The homeobox protein CDX2 is a key transcriptional regulator of MUC2 expression in colonic goblet cells.51 Aberrant expression of CDX2 has been linked to de novo MUC2 in gastric intestinal metaplasia52 and Barrett’s oesophagus,53 and ectopic low-level CDX2 expression has also been reported in breast cancers by Werling et al.54 Five patients in the current study showed low-level de novo CDX2 expression, and, although numbers were few and the confidence intervals wide, this was significantly correlated with MUC2 expression, and is the first time such an association has been demonstrated in the breast. Three of the five individuals in whom low-level CDX2 expression was noted had no personal history of colorectal cancers, and two of the tumours expressed steroid hormone receptors, making it very unlikely that the breast tumours were, in fact, metastatic gastrointestinal malignancies.

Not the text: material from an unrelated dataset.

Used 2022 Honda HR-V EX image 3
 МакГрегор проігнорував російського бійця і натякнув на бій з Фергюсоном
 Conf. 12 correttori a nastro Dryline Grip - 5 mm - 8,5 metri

The findings from this study demonstrating a lack of association between expression of individual 11p15.5 mucin genes and breast tumour clinicopathological features and steroid hormone receptor status are consistent with previous reports.32, 39, 42, 55 The observation in this study that MUC5AC expression was nearly five times more common in breast tumours with lymphovascular invasion (an indicator of poor prognosis) warrants further investigation. This is further supported by the report of poor outcome in patients with colorectal cancer that demonstrated overexpression of MUC5AC.56

Gaining insight into the expression of 11p15.5 mucin genes in breast cancer has been hampered by methodological differences in detecting mucin proteins or mRNA. MUC2 expression was found in 17% of cases in the present study—comparable to previous reports.34, 35 However, Ho et al. reported either 6 or 38% positivity in their same case set depending on which anti-MUC2 antibody was used.37 Similar differences in expression levels in MUC6 are apparent depending on which anti-MUC6 antibodies were used: de Bolós et al.42 reported virtually universal expression of MUC6 by breast cancers using a polyclonal antibody, whereas other studies using monoclonal anti-MUC6 antibodies have yielded expression rates of 13–20%,32, 34, 36 and MUC6 mRNA was detected in 3/14 (21%) of cases of breast cancer studied by Berois et al.40 In the present study, all tumours with any evidence of staining for MUC6 were classified as positive (34/82; 41%), but of these, 26% showed staining in <10% of tumour cells. If low-level positive (<10% tumour cells stained) cases are excluded, the overall rate of positivity for MUC6 drops to 25/82 cases (30%). Rakha et al.32 for example, only scored cases with >5% MUC6-stained cells as positive, and, in their study, 20% of cases of breast cancer were classified as MUC6 positive. Agreement on thresholds for positivity for scoring immunohistochemistry for many markers remains elusive and may explain the discordance between studies.

In conclusion, we have demonstrated that expression of the 11p15.5 mucin genes in a series of breast cancers was unrelated to mismatch repair status. In contrast to colorectal and endometrial cancers with microsatellite instability, mismatch repair-deficient breast cancers do not have a propensity to express secreted mucins nor do they have a mucinous histological phenotype. The significant observations involving the co-expression of mucins within a breast tumour and the co-expression of MUC2 and CDX2 may help elucidate the biological mechanisms surrounding aberrant mucin expression and highlight important regulatory pathways for these proteins in breast and other tissue types.